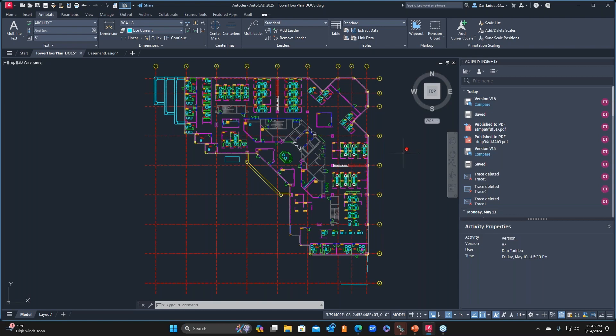Same file, same computer, same SSD, but in 2025 I do notice that certain files open up a little bit quicker. On the smaller files you may not notice it because it's right there no matter what. But on larger files you might see that type of performance improvement, and that's something that Autodesk has improved behind the scenes.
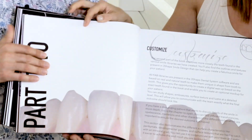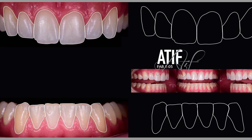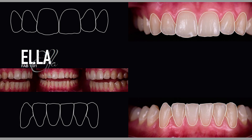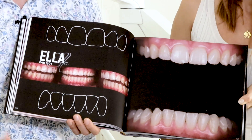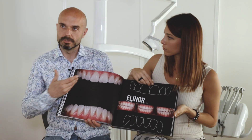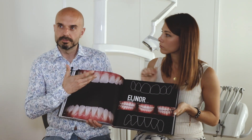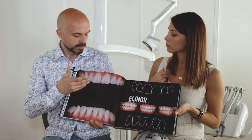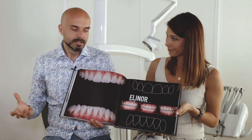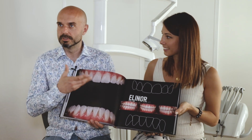Then we have part two, called Customize. This is more based on the communication between the clinic and the technician. We have a close-up for every smile, and you can see the surface structure, texture, and translucency on all the teeth. There are many different kinds of shapes, teeth, translucencies, and colorations, so dental technicians can get inspired.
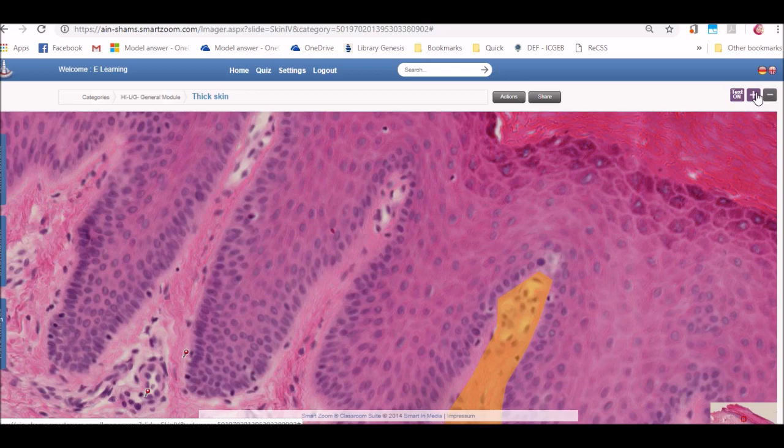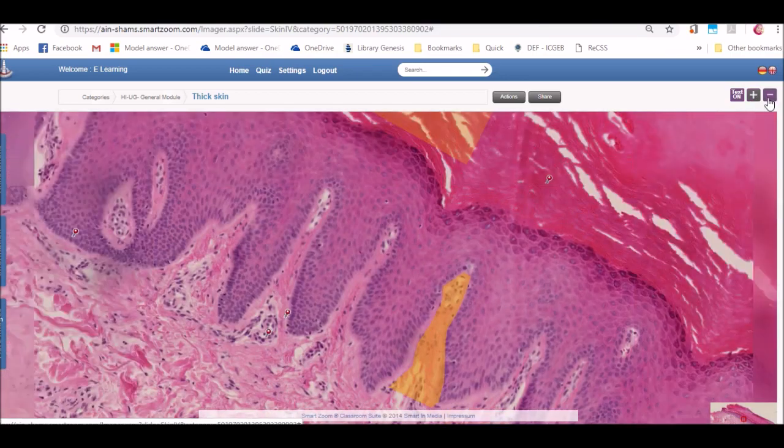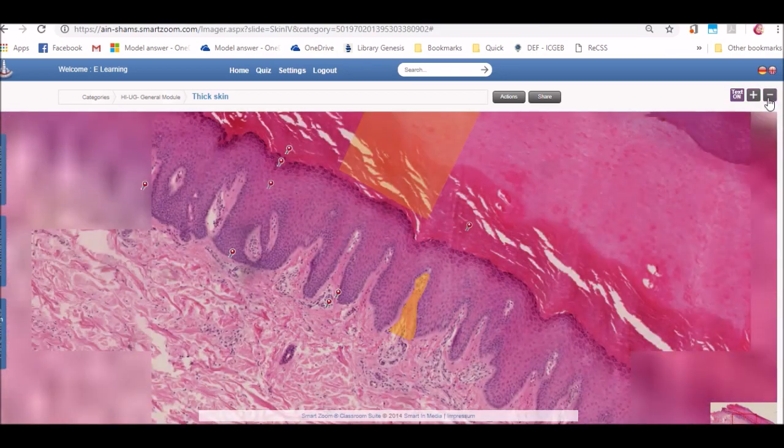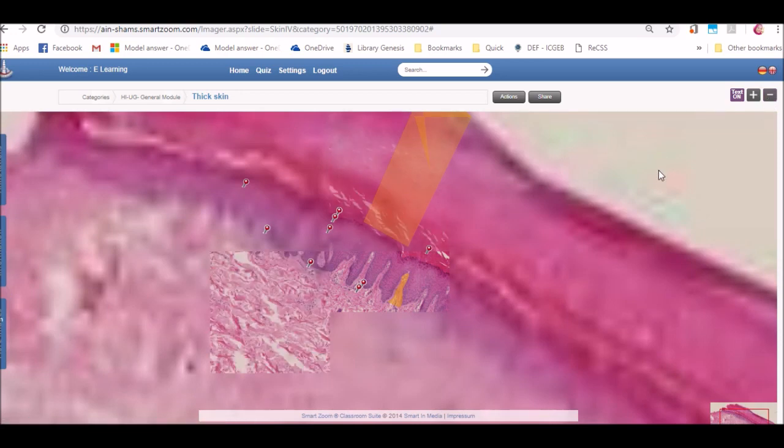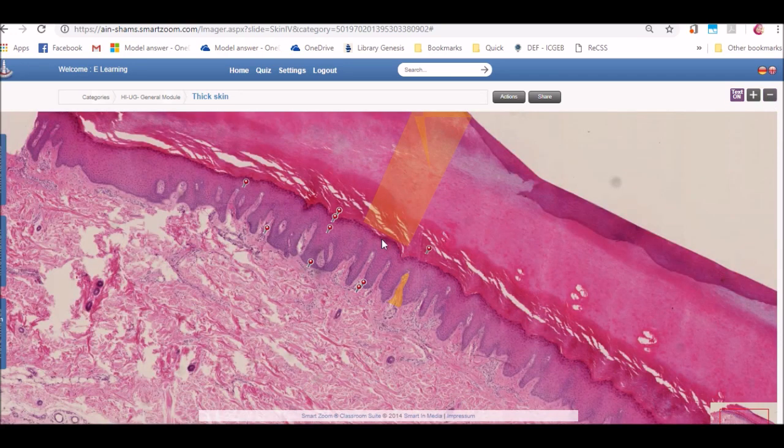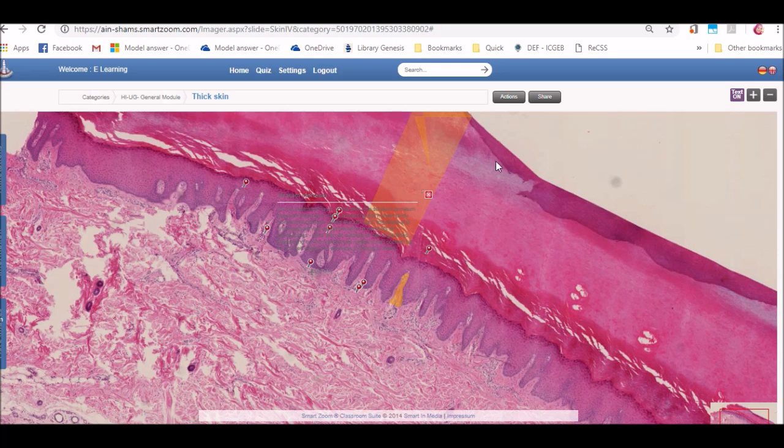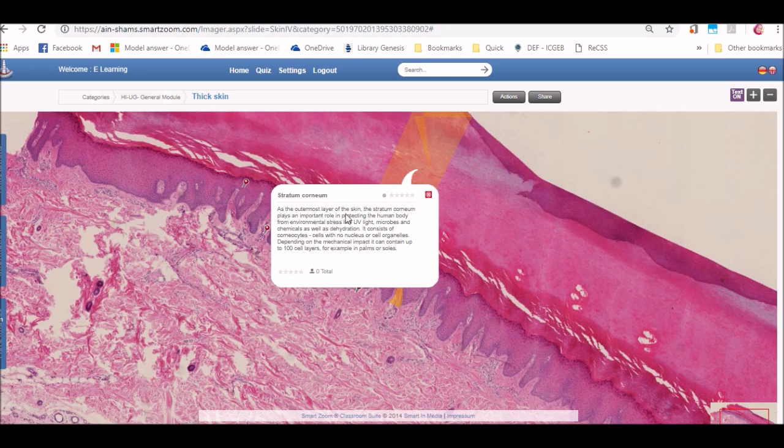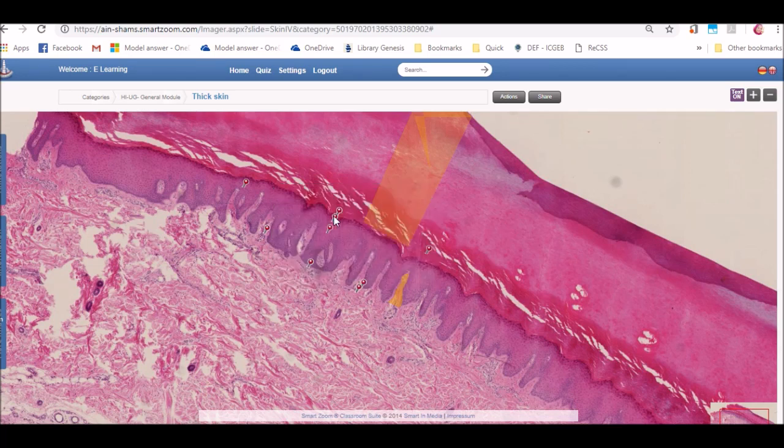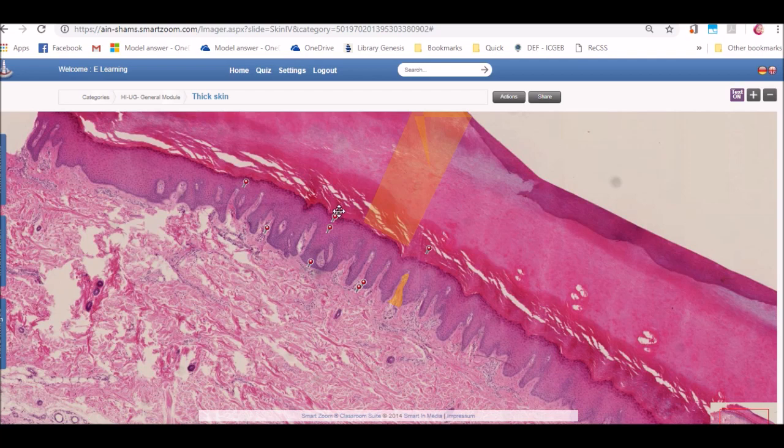As you can see, you will find a lot of annotations in the form of shapes shaded like this one, and pins like this one. When I click on any one of them, a box will appear containing the title and an explanation or a detailed structure of this annotation.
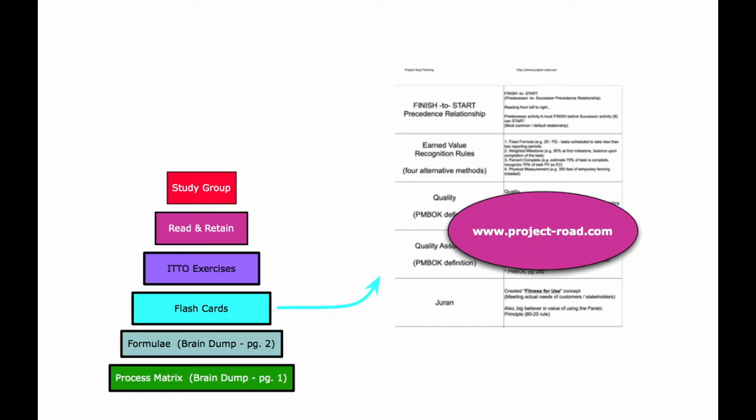The flashcards are a really good strategy because then later when you're doing your read and retain effort, you can go past that material that you know you have covered in your flashcards and look for those other gems of wisdom that you're going to try to read and retain on a best effort basis. That's flashcards and how they fit into the big picture.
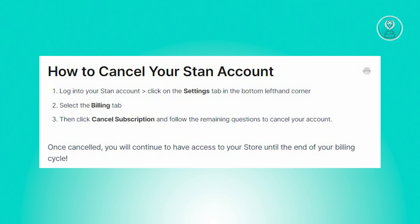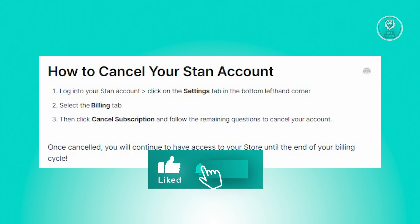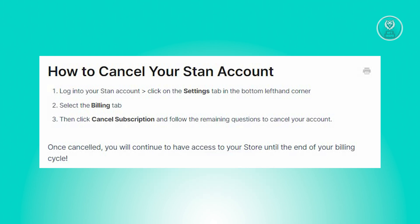To cancel your Stan subscription, you need to follow these steps. First, log in to your Stan account and navigate to the settings tab located at the bottom left corner of the screen. Then click on the billing tab within the settings menu.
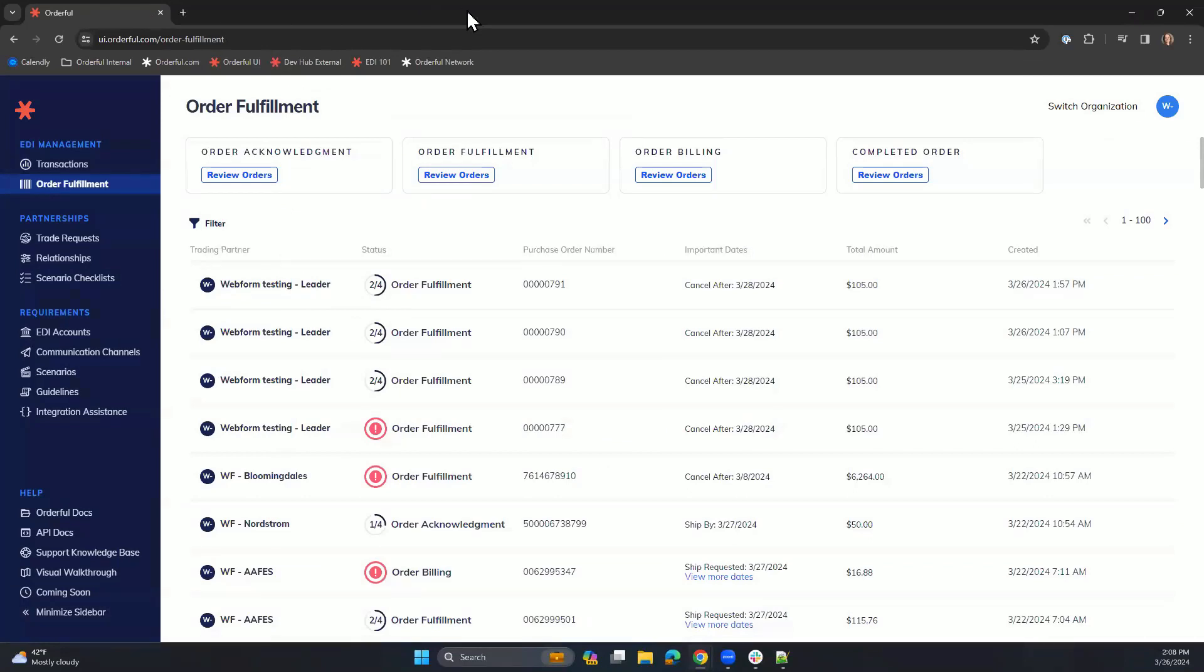And that concludes the order-to-invoice cycle using Orderful's Web EDI fulfillment solution.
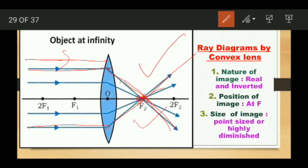The image will be formed at F2 as a point-sized or highly diminished image. The nature of the image will be real and inverted. Just as a concave mirror, the convex lens also forms a real and inverted image when the object is at infinity.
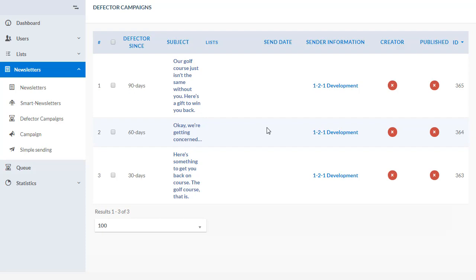You can come in and adjust the wording and change whatever promotion or offer you have for the time of year. If I were to click into one of these, it would bring up the editor and you could edit this particular defector.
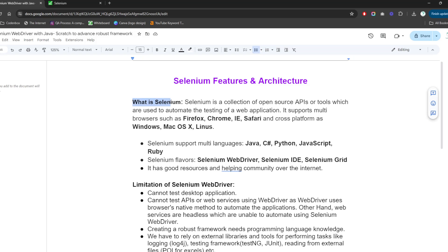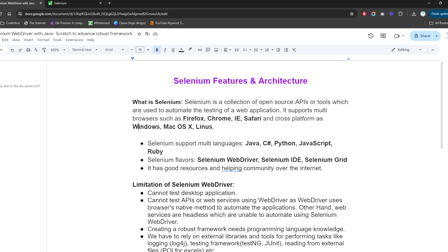So what is Selenium? Selenium is a collection of open source APIs or tools which are used to automate testing of a web application. It supports multiple browsers such as Firefox, Chrome, Internet Explorer, Safari, and Edge, as well as cross-platform support like Windows, macOS, and Linux.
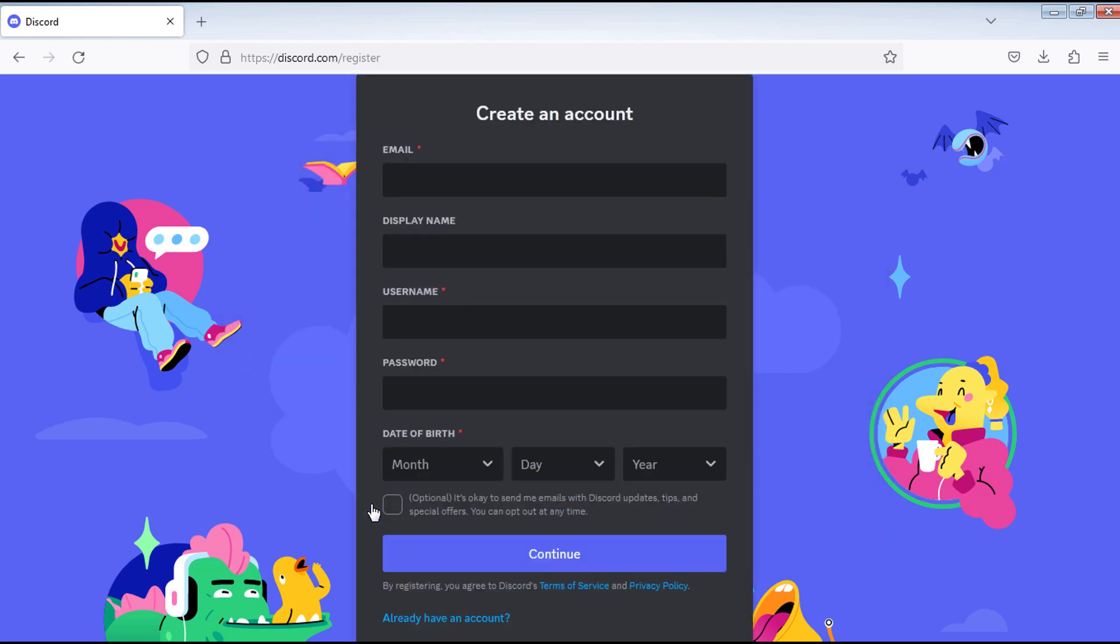Enter your email, display name, username, password, date of birth, and check this box if you want to receive emails about Discord updates, tips, and special offers. Then click continue.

===============

## AIM OF THE TASK
What you write should match the entries exactly, except that the pictures are dropped.

## ANSWER
Same file, same computer, same SSD, but in 2025 I do notice that certain files open up a little bit quicker. On the smaller files you may not notice it because it's right there no matter what. But on larger files you might see that type of performance improvement, and that's something that Autodesk has improved behind the scenes.
Then we have part two, called Customize. This is more based on the communication between the clinic and the technician. We have a close-up for every smile, and you can see the surface structure, texture, and translucency on all the teeth. There are many different kinds of shapes, teeth, translucencies, and colorations, so dental technicians can get inspired.
As you can see, you will find a lot of annotations in the form of shapes shaded like this one, and pins like this one. When I click on any one of them, a box will appear containing the title and an explanation or a detailed structure of this annotation.
The flashcards are a really good strategy because then later when you're doing your read and retain effort, you can go past that material that you know you have covered in your flashcards and look for those other gems of wisdom that you're going to try to read and retain on a best effort basis. That's flashcards and how they fit into the big picture.
To cancel your Stan subscription, you need to follow these steps. First, log in to your Stan account and navigate to the settings tab located at the bottom left corner of the screen. Then click on the billing tab within the settings menu.
And that concludes the order-to-invoice cycle using Orderful's Web EDI fulfillment solution.
The image will be formed at F2 as a point-sized or highly diminished image. The nature of the image will be real and inverted. Just as a concave mirror, the convex lens also forms a real and inverted image when the object is at infinity.
You can come in and adjust the wording and change whatever promotion or offer you have for the time of year. If I were to click into one of these, it would bring up the editor and you could edit this particular defector.
So what is Selenium? Selenium is a collection of open source APIs or tools which are used to automate testing of a web application. It supports multiple browsers such as Firefox, Chrome, Internet Explorer, Safari, and Edge, as well as cross-platform support like Windows, macOS, and Linux.
Enter your email, display name, username, password, date of birth, and check this box if you want to receive emails about Discord updates, tips, and special offers. Then click continue.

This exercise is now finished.